## REQUIRED ACTION
Give back only the lines in the records below from the one with "Georgia-Pacific Sofpull Centerpull" to the one with "US bicentennial collectors plates", both inclusive, word for word.

## GIVEN DATA
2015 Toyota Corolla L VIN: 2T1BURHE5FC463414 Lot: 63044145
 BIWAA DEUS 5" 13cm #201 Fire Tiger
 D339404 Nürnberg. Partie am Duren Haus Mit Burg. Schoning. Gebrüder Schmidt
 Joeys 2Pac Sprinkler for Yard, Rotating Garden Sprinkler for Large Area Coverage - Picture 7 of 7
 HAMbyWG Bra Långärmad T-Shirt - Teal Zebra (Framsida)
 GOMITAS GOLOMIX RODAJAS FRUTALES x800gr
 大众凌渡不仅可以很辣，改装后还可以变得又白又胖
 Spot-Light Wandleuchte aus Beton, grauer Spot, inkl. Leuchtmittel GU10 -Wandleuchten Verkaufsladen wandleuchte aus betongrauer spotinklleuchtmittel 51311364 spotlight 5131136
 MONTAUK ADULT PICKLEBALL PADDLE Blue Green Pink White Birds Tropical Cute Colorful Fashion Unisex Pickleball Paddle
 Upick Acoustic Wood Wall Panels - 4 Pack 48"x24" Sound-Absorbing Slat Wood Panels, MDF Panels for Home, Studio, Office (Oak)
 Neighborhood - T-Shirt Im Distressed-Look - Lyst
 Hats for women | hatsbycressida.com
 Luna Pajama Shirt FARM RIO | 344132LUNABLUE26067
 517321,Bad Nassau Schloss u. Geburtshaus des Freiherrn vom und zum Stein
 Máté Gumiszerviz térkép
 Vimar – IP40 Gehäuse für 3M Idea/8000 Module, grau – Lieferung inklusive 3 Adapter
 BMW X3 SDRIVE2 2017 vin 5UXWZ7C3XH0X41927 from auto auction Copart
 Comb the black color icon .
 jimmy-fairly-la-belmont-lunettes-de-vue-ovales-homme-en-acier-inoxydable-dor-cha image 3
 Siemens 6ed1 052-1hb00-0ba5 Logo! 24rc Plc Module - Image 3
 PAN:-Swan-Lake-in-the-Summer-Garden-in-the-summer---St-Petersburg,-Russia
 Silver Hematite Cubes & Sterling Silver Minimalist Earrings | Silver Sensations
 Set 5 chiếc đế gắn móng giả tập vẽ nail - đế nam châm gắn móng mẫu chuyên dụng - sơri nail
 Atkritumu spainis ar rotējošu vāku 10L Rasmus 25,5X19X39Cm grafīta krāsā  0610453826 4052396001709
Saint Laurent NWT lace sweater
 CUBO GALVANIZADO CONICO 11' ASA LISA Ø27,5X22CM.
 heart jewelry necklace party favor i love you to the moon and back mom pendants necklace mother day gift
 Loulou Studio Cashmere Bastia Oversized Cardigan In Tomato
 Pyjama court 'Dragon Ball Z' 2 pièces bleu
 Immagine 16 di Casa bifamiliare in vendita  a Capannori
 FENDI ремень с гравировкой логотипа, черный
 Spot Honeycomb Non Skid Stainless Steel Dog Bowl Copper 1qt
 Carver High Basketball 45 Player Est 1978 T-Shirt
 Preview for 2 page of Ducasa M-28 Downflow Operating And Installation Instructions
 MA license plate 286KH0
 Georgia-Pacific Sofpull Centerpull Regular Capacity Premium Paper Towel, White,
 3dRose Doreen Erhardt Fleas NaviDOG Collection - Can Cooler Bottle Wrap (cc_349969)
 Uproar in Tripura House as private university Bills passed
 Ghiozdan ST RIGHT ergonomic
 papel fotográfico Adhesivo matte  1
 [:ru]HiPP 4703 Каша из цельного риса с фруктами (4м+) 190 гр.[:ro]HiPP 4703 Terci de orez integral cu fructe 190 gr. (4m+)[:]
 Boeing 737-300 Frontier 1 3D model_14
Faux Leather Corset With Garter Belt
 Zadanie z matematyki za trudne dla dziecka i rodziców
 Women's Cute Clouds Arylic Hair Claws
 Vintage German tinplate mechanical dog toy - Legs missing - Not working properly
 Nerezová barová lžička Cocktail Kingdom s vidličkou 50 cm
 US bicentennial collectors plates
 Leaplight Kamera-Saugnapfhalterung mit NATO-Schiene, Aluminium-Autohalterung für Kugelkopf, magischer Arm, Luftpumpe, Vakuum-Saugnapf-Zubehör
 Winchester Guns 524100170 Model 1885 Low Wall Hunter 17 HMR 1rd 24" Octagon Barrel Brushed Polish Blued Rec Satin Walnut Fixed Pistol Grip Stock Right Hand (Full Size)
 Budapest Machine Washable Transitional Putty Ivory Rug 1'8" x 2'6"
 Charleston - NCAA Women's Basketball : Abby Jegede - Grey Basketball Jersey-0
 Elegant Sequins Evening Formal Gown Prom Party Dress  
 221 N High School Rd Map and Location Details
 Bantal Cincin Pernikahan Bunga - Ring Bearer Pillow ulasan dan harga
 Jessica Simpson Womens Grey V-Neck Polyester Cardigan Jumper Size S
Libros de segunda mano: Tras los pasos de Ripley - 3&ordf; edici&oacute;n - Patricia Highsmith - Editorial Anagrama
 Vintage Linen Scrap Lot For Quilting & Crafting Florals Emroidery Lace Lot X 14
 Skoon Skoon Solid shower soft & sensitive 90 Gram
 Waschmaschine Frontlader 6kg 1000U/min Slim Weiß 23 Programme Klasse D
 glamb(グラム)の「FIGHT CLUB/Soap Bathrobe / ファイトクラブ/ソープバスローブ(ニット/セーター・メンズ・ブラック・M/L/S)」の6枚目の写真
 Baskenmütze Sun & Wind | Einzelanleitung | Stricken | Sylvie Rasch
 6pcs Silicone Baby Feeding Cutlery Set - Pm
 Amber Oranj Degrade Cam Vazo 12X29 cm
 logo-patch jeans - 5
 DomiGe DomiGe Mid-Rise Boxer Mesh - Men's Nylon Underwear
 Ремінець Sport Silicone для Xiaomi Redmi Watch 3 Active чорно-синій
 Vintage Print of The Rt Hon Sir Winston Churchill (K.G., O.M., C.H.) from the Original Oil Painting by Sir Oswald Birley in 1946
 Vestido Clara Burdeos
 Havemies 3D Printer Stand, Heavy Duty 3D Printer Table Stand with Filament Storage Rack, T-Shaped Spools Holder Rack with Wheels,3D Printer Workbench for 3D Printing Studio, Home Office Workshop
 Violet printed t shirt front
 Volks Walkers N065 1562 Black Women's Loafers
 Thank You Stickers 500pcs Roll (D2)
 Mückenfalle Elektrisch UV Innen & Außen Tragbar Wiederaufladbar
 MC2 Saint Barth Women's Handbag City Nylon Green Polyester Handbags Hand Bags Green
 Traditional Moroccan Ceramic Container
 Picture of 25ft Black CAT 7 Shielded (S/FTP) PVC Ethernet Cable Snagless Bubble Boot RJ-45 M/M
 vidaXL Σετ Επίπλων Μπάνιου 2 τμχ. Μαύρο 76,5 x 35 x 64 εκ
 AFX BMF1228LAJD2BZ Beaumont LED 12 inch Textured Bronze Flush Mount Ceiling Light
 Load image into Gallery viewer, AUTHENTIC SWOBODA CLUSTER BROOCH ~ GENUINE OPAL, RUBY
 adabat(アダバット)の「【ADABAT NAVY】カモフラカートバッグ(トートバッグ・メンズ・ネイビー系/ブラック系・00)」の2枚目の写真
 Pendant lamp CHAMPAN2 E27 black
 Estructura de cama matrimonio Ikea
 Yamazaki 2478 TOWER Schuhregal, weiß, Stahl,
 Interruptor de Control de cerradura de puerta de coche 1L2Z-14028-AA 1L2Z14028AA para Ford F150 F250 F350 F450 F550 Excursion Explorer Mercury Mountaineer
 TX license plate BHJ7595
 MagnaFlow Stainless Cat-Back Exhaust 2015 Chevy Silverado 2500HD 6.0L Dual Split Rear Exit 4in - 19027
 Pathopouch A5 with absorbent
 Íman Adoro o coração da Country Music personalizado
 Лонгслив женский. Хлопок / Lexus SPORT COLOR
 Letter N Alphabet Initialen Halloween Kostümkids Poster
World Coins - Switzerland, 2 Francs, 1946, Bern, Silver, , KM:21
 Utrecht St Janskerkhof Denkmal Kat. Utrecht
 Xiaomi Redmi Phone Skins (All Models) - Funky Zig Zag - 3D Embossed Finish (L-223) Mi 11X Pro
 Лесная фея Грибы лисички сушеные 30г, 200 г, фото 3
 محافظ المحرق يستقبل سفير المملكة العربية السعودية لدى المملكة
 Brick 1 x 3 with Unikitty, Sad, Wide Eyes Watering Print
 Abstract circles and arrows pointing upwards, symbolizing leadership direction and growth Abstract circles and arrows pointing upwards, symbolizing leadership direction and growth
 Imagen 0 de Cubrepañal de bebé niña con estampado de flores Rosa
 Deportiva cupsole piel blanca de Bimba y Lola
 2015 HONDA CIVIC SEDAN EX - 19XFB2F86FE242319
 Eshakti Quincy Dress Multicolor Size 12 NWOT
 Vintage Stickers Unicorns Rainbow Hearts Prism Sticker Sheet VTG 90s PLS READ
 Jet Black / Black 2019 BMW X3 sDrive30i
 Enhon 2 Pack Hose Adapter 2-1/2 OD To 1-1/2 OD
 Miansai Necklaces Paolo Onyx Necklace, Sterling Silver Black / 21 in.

## SOLVED PROBLEM
 Georgia-Pacific Sofpull Centerpull Regular Capacity Premium Paper Towel, White,
 3dRose Doreen Erhardt Fleas NaviDOG Collection - Can Cooler Bottle Wrap (cc_349969)
 Uproar in Tripura House as private university Bills passed
 Ghiozdan ST RIGHT ergonomic
 papel fotográfico Adhesivo matte  1
 [:ru]HiPP 4703 Каша из цельного риса с фруктами (4м+) 190 гр.[:ro]HiPP 4703 Terci de orez integral cu fructe 190 gr. (4m+)[:]
 Boeing 737-300 Frontier 1 3D model_14
Faux Leather Corset With Garter Belt
 Zadanie z matematyki za trudne dla dziecka i rodziców
 Women's Cute Clouds Arylic Hair Claws
 Vintage German tinplate mechanical dog toy - Legs missing - Not working properly
 Nerezová barová lžička Cocktail Kingdom s vidličkou 50 cm
 US bicentennial collectors plates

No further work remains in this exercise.